Feb 3, 2014

Taking Ideas to Heart


As a follow-up to the previous post, I heard the following in a shiur today.  We have much more knowledge than previous generations but lack the heart.

We take in a tremendous amount of information, but it doesn't obligate us; the knowledge is peripheral to us, not part of who we are. We run from idea to idea. In previous generations, people felt obligated by knowledge, they acquired what they learned.  Sara Schenirer comes to mind as an example.  She went to hear a speaker, Rabbi Flesch, who spoke about Yehudis of the Chanuka story and the power of Jewish women to continue her legacy.  She so took his message to heart that she changed the world with her Beis Yaakov movement.

Someone was giving an ongoing shiur on a certain midda and she asked a rav whether she should hone in on the midda again and again.

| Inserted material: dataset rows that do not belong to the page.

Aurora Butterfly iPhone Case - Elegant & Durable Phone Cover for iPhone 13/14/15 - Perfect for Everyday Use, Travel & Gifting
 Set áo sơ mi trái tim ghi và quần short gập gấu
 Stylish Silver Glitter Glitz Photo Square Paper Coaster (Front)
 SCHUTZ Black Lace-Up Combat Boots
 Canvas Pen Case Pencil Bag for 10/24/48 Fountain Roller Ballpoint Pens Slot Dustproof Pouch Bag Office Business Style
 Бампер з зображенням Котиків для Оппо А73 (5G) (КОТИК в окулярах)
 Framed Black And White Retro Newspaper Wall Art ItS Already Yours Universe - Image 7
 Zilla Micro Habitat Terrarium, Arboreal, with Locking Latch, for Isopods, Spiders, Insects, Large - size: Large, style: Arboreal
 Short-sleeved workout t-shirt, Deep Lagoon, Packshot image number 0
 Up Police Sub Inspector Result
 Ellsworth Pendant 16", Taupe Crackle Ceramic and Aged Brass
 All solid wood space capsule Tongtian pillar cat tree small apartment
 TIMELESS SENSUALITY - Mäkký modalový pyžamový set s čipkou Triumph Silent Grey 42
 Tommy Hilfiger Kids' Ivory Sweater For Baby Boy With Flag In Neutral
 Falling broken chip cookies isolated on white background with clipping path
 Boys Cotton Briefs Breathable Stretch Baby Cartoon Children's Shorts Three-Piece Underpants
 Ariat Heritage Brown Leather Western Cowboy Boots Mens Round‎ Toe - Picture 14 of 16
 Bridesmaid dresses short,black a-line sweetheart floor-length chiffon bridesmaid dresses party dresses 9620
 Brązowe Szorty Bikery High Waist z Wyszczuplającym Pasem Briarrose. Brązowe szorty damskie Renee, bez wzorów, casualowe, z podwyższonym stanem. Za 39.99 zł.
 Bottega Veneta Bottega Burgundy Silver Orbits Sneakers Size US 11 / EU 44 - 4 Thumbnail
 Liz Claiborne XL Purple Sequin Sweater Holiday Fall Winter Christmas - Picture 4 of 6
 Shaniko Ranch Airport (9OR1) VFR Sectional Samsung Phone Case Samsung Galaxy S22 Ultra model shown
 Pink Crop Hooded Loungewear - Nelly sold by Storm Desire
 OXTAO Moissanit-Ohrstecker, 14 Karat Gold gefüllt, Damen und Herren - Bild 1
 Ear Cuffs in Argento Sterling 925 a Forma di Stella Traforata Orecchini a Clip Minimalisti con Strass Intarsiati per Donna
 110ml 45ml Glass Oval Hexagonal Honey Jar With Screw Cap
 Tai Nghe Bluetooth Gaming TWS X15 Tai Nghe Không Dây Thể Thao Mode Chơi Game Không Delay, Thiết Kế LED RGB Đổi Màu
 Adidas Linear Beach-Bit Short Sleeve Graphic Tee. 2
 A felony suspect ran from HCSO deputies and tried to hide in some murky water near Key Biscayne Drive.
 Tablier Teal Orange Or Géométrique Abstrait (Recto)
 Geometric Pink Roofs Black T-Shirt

The rav said we are living in a time that if you do that, with the intention of getting people to absorb it, the people won't come back because they'll say they heard it already.  They want variety. 

So we run from shiur to shiur and it's exciting, with new topics and each speaker with his or her style. Our challenge, said the person giving the lecture I heard today, is to take the “v'yodaata ha'yom” (and you shall know today) and make it “v'hasheivosa el levavecha” (and take it to heart), see how you can make the ideas part of your lives. We need to slow down and think about what we heard.  Even if we hear many ideas, we should take one idea and make it ours, make it practical and real to us.

Disclaimer: There are always those who take in ideas and change their lives as many baalei teshuva and converts can attest.